Download document

LOPE DE VEGA, Félix



Sonnet XVIII

What have I that my friendship you should seek?

What wealth from it, my Jesus, could you gain

so that at my front door, bedecked with dew,

you spend dark winter nights in snow and sleet?

How hard was I within my deepest core

to never let you in!
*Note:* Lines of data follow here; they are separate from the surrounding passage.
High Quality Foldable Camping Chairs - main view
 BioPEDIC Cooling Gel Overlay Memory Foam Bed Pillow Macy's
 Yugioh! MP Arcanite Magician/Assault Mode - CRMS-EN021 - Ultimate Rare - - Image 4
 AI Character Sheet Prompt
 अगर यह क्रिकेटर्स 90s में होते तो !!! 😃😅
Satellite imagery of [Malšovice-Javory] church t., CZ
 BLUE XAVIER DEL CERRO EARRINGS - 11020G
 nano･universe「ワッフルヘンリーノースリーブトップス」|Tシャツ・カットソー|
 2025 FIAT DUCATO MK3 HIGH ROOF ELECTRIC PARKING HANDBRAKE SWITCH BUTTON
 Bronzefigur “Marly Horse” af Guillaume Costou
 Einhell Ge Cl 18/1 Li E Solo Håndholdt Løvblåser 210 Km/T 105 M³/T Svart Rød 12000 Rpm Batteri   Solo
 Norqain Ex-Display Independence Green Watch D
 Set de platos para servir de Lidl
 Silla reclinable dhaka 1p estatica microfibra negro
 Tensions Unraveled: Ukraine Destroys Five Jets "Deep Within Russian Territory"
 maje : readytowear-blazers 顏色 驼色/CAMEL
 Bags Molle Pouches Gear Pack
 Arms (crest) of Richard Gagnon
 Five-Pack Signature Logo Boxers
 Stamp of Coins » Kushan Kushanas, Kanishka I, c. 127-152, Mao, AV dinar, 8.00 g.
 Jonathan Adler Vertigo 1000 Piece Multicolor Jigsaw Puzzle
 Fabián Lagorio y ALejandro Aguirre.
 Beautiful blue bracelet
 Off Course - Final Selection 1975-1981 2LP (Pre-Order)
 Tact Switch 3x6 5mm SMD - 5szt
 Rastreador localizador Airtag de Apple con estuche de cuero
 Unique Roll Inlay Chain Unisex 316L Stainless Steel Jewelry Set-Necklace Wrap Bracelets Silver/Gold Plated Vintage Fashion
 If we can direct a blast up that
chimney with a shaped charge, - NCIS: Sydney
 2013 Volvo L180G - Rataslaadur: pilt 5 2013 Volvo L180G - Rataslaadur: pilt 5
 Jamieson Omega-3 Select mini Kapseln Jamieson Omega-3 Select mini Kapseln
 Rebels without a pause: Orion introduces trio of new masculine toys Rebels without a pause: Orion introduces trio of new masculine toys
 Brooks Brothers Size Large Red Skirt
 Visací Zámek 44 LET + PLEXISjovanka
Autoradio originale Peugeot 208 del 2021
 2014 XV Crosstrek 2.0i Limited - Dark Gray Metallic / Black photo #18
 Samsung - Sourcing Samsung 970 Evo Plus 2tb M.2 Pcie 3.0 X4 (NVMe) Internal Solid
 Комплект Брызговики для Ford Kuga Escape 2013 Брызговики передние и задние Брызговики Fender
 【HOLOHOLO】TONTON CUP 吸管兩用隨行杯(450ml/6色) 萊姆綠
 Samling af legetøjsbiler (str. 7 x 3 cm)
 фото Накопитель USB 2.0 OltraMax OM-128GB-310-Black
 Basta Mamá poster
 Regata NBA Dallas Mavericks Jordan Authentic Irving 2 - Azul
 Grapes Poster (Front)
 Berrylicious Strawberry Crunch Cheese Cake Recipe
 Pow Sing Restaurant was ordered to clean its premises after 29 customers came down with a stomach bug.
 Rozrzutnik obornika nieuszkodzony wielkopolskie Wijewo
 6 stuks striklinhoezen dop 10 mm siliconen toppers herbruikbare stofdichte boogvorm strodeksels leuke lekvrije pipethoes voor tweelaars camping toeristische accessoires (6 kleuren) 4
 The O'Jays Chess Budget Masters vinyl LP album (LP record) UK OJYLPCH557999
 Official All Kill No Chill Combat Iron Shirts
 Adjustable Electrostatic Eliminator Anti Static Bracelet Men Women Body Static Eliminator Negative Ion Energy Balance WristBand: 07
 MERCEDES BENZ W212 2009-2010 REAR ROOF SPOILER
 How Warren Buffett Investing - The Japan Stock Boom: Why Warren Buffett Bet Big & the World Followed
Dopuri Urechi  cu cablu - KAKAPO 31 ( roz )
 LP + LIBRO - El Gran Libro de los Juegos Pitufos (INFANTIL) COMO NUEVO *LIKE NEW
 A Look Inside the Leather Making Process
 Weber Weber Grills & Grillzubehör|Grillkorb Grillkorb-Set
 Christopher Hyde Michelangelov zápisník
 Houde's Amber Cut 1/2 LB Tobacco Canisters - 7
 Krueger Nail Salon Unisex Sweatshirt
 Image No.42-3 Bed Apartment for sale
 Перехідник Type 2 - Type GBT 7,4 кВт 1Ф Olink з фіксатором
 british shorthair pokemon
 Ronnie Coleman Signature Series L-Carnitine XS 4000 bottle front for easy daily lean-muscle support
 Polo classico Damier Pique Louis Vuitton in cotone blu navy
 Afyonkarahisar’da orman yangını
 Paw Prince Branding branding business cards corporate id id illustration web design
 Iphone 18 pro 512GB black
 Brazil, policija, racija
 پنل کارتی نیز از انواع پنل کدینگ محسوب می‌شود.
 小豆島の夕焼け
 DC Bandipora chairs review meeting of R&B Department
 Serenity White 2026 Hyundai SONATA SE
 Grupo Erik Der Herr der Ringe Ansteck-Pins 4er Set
How strangely mad

if of my callousness the frigid ice

dried up the bleeding wounds of your pure feet!


How many times the angel said to me,

“Soul, come now to the window and look out:

you’ll see with how much love he knocks again!”


And oh, how many times, beauty divine,

“Tomorrow he may enter,” I’d respond,

only tomorrow to respond the same!


Faint

Faint, dare, be furious,

rough, tender, liberal, elusive,

encouraged, deadly, deceased, alive,

loyal, traitorous, cowardly and spirited;


not find outside the good center and rest,

be happy, sad, humble, haughty,

angry, brave, fugitive,

satisfied, offended, suspicious;


flee the face to the clear disappointment,

drink poison by suave liquor,

forget the profit, love the damage;


believe that a heaven fits into a hell,

give life and soul to disappointment;

This is love, whoever tasted it knows it.


Sonnet CXLIX (149)


Rusty chains, scattered links,

Broken planks washing up ashore,

Fierce halberds with shattered shafts,

Burst muskets and cannons;


Ruins of battered towers

Whose sight inspires the labourer

To thresh the floor white, flags in tatters,

Dented, bloody morions;


Rigging, shackles, relics of banners,

Gaol, sea, war, Algiers, pursuit and winds

Reveal themselves on earth as castles in the air.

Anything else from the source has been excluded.